**PROBLEM DESCRIPTION:** What is needed is a verbatim copy of each record below.
*** DATASET RECORDS Section Begins ***
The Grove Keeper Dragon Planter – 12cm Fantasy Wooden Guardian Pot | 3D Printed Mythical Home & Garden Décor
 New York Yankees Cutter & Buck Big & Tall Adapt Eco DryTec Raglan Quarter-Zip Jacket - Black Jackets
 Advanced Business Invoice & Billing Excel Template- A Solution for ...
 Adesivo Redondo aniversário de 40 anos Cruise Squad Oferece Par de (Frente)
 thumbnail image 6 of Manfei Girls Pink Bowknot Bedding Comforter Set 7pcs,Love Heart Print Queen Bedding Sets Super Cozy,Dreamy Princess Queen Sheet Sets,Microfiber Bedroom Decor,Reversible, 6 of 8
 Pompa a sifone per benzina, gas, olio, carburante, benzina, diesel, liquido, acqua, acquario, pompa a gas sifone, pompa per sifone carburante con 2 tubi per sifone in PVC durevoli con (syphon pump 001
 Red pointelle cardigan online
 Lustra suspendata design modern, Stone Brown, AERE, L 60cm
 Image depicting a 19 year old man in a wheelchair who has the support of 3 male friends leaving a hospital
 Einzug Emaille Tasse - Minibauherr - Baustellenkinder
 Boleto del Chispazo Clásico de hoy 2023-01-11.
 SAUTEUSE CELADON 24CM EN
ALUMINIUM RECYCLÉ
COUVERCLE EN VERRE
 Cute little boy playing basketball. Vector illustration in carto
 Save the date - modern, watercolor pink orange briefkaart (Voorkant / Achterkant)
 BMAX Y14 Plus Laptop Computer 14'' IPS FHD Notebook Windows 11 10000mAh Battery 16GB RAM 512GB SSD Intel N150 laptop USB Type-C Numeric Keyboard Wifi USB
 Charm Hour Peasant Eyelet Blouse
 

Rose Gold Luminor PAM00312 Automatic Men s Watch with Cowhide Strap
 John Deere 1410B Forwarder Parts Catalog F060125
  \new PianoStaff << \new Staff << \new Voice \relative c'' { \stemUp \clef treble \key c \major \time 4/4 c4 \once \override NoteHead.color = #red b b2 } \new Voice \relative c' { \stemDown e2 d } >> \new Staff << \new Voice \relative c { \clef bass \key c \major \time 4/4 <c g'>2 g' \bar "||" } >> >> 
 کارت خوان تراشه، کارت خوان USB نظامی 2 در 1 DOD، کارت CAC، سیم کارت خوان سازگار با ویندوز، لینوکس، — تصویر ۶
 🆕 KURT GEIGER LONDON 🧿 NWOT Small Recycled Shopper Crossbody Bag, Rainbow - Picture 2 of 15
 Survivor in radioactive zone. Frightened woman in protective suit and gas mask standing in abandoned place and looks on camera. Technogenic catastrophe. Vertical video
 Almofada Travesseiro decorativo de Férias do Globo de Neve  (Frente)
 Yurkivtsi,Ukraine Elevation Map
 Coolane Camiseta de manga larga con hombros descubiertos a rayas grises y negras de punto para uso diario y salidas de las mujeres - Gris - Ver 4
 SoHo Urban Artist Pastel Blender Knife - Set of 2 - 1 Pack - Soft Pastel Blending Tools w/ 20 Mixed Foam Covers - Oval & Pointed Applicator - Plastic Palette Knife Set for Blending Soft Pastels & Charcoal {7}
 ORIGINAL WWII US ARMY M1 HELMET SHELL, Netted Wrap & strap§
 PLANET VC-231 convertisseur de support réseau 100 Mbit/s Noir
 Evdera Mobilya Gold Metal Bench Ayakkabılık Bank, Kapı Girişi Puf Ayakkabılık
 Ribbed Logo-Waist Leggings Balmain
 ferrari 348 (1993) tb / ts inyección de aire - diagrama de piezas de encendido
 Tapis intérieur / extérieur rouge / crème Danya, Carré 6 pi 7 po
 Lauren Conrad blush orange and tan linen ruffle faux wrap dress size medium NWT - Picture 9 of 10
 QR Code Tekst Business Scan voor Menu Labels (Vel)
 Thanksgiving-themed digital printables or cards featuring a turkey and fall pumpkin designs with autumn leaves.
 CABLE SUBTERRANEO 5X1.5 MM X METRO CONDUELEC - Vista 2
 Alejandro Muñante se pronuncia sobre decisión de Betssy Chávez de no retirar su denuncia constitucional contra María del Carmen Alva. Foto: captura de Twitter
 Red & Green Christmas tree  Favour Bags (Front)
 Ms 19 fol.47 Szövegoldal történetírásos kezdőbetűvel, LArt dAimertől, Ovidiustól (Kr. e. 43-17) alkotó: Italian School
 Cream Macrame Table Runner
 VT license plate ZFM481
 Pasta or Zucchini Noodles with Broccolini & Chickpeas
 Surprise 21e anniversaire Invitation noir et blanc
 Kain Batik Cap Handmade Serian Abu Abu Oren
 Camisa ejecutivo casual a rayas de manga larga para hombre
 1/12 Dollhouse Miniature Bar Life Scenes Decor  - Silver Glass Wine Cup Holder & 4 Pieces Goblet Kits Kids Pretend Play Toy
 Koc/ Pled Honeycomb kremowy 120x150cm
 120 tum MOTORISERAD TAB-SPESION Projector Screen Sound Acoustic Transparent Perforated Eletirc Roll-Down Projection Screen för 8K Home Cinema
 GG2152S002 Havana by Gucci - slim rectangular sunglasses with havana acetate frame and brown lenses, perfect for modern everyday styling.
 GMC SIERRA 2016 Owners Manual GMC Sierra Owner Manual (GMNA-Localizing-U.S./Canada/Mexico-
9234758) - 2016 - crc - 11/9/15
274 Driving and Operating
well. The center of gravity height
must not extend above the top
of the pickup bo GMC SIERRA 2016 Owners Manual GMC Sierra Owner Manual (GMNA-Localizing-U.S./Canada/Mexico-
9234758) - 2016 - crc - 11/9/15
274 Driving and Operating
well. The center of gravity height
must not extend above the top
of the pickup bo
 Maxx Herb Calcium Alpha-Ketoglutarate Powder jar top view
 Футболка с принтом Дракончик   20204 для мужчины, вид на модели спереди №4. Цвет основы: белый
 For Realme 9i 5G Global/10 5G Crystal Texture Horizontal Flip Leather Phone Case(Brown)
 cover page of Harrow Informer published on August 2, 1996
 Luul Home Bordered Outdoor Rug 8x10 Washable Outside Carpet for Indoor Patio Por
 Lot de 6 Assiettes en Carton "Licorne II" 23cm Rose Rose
*** DATASET RECORDS Section Ends ***
**TASK RESULT:**
The Grove Keeper Dragon Planter – 12cm Fantasy Wooden Guardian Pot | 3D Printed Mythical Home & Garden Décor
 New York Yankees Cutter & Buck Big & Tall Adapt Eco DryTec Raglan Quarter-Zip Jacket - Black Jackets
 Advanced Business Invoice & Billing Excel Template- A Solution for ...
 Adesivo Redondo aniversário de 40 anos Cruise Squad Oferece Par de (Frente)
 thumbnail image 6 of Manfei Girls Pink Bowknot Bedding Comforter Set 7pcs,Love Heart Print Queen Bedding Sets Super Cozy,Dreamy Princess Queen Sheet Sets,Microfiber Bedroom Decor,Reversible, 6 of 8
 Pompa a sifone per benzina, gas, olio, carburante, benzina, diesel, liquido, acqua, acquario, pompa a gas sifone, pompa per sifone carburante con 2 tubi per sifone in PVC durevoli con (syphon pump 001
 Red pointelle cardigan online
 Lustra suspendata design modern, Stone Brown, AERE, L 60cm
 Image depicting a 19 year old man in a wheelchair who has the support of 3 male friends leaving a hospital
 Einzug Emaille Tasse - Minibauherr - Baustellenkinder
 Boleto del Chispazo Clásico de hoy 2023-01-11.
 SAUTEUSE CELADON 24CM EN
ALUMINIUM RECYCLÉ
COUVERCLE EN VERRE
 Cute little boy playing basketball. Vector illustration in carto
 Save the date - modern, watercolor pink orange briefkaart (Voorkant / Achterkant)
 BMAX Y14 Plus Laptop Computer 14'' IPS FHD Notebook Windows 11 10000mAh Battery 16GB RAM 512GB SSD Intel N150 laptop USB Type-C Numeric Keyboard Wifi USB
 Charm Hour Peasant Eyelet Blouse
 

Rose Gold Luminor PAM00312 Automatic Men s Watch with Cowhide Strap
 John Deere 1410B Forwarder Parts Catalog F060125
  \new PianoStaff << \new Staff << \new Voice \relative c'' { \stemUp \clef treble \key c \major \time 4/4 c4 \once \override NoteHead.color = #red b b2 } \new Voice \relative c' { \stemDown e2 d } >> \new Staff << \new Voice \relative c { \clef bass \key c \major \time 4/4 <c g'>2 g' \bar "||" } >> >> 
 کارت خوان تراشه، کارت خوان USB نظامی 2 در 1 DOD، کارت CAC، سیم کارت خوان سازگار با ویندوز، لینوکس، — تصویر ۶
 🆕 KURT GEIGER LONDON 🧿 NWOT Small Recycled Shopper Crossbody Bag, Rainbow - Picture 2 of 15
 Survivor in radioactive zone. Frightened woman in protective suit and gas mask standing in abandoned place and looks on camera. Technogenic catastrophe. Vertical video
 Almofada Travesseiro decorativo de Férias do Globo de Neve  (Frente)
 Yurkivtsi,Ukraine Elevation Map
 Coolane Camiseta de manga larga con hombros descubiertos a rayas grises y negras de punto para uso diario y salidas de las mujeres - Gris - Ver 4
 SoHo Urban Artist Pastel Blender Knife - Set of 2 - 1 Pack - Soft Pastel Blending Tools w/ 20 Mixed Foam Covers - Oval & Pointed Applicator - Plastic Palette Knife Set for Blending Soft Pastels & Charcoal {7}
 ORIGINAL WWII US ARMY M1 HELMET SHELL, Netted Wrap & strap§
 PLANET VC-231 convertisseur de support réseau 100 Mbit/s Noir
 Evdera Mobilya Gold Metal Bench Ayakkabılık Bank, Kapı Girişi Puf Ayakkabılık
 Ribbed Logo-Waist Leggings Balmain
 ferrari 348 (1993) tb / ts inyección de aire - diagrama de piezas de encendido
 Tapis intérieur / extérieur rouge / crème Danya, Carré 6 pi 7 po
 Lauren Conrad blush orange and tan linen ruffle faux wrap dress size medium NWT - Picture 9 of 10
 QR Code Tekst Business Scan voor Menu Labels (Vel)
 Thanksgiving-themed digital printables or cards featuring a turkey and fall pumpkin designs with autumn leaves.
 CABLE SUBTERRANEO 5X1.5 MM X METRO CONDUELEC - Vista 2
 Alejandro Muñante se pronuncia sobre decisión de Betssy Chávez de no retirar su denuncia constitucional contra María del Carmen Alva. Foto: captura de Twitter
 Red & Green Christmas tree  Favour Bags (Front)
 Ms 19 fol.47 Szövegoldal történetírásos kezdőbetűvel, LArt dAimertől, Ovidiustól (Kr. e. 43-17) alkotó: Italian School
 Cream Macrame Table Runner
 VT license plate ZFM481
 Pasta or Zucchini Noodles with Broccolini & Chickpeas
 Surprise 21e anniversaire Invitation noir et blanc
 Kain Batik Cap Handmade Serian Abu Abu Oren
 Camisa ejecutivo casual a rayas de manga larga para hombre
 1/12 Dollhouse Miniature Bar Life Scenes Decor  - Silver Glass Wine Cup Holder & 4 Pieces Goblet Kits Kids Pretend Play Toy
 Koc/ Pled Honeycomb kremowy 120x150cm
 120 tum MOTORISERAD TAB-SPESION Projector Screen Sound Acoustic Transparent Perforated Eletirc Roll-Down Projection Screen för 8K Home Cinema
 GG2152S002 Havana by Gucci - slim rectangular sunglasses with havana acetate frame and brown lenses, perfect for modern everyday styling.
 GMC SIERRA 2016 Owners Manual GMC Sierra Owner Manual (GMNA-Localizing-U.S./Canada/Mexico-
9234758) - 2016 - crc - 11/9/15
274 Driving and Operating
well. The center of gravity height
must not extend above the top
of the pickup bo GMC SIERRA 2016 Owners Manual GMC Sierra Owner Manual (GMNA-Localizing-U.S./Canada/Mexico-
9234758) - 2016 - crc - 11/9/15
274 Driving and Operating
well. The center of gravity height
must not extend above the top
of the pickup bo
 Maxx Herb Calcium Alpha-Ketoglutarate Powder jar top view
 Футболка с принтом Дракончик   20204 для мужчины, вид на модели спереди №4. Цвет основы: белый
 For Realme 9i 5G Global/10 5G Crystal Texture Horizontal Flip Leather Phone Case(Brown)
 cover page of Harrow Informer published on August 2, 1996
 Luul Home Bordered Outdoor Rug 8x10 Washable Outside Carpet for Indoor Patio Por
 Lot de 6 Assiettes en Carton "Licorne II" 23cm Rose Rose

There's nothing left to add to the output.